Kris Wood, PhD

Kris Wood, PhD

Kris C. Wood, Ph.D., is an Assistant Professor in the Department of Pharmacology and Cancer Biology at Duke University.  He received his B.S. degree in Chemical Engineering from the University of Kentucky, where he was recognized with the outstanding sophomore, junior, and senior awards in Chemical Engineering, the Tau Beta Pi outstanding senior award in the College of Engineering, and a Barry M. Goldwater scholarship in science and mathematics.  He received his Ph.D. in Chemical Engineering from the Massachusetts Institute of Technology, where he developed self-assembling polymeric systems for controlled gene and drug delivery under the supervision of Professors Paula Hammond, Ph.D. and Robert Langer, Sc.D.  As an NIH and Misrock Fund postdoctoral fellow in the laboratory of David Sabatini, M.D., Ph.D. at the Whitehead Institute for Biomedical Research and the Broad Institute of Harvard and MIT, his work focused on the development of functional genomic tools to study the determinants of anticancer drug sensitivity.

Dr.
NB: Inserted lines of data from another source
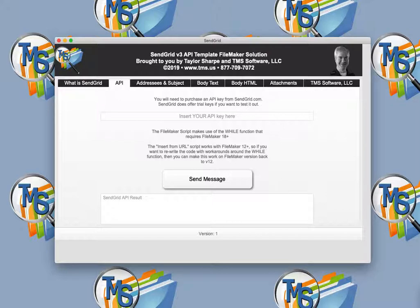This solution works for everything from large corporate marketing emails to small nonprofit newsletters. It even works fine for individual emails.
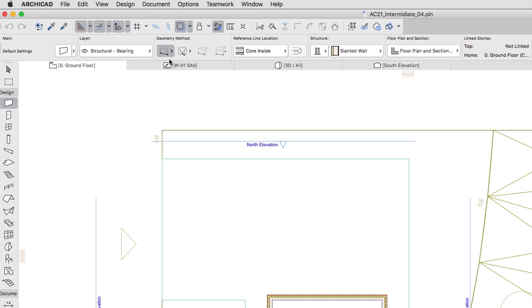Select the Single Geometry Method in the Info Box. First, we'll create a straight segment 2 meters from the existing wall, and then we'll modify it.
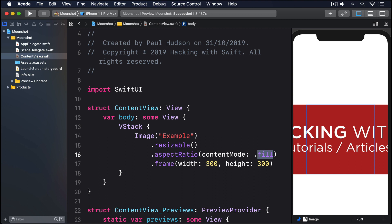SwiftUI gives us a type just for this, called GeometryReader, and it's remarkably powerful. Yes, I know lots of SwiftUI is powerful, but honestly, what you can do with GeometryReader will blow you away. We'll go into much more detail on GeometryReader in Project 15, but for now we're going to use it for just one job: to make sure our image fills the full width of its container view.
Wood’s lab at Duke uses new functional and computational genomic approaches to identify novel tumor vulnerabilities and strategies for circumventing therapeutic resistance. He has received the Liz Tilberis Early Career Award from the Ovarian Cancer Research Alliance, Scholar Awards from the V Foundation, Stewart Trust, Forbeck Foundation, Whitehead Foundation, and the NIH BIRCWH Program, and research awards from the Lloyd Trust, Golfers Against Cancer, NIH, and American Association for Cancer Research.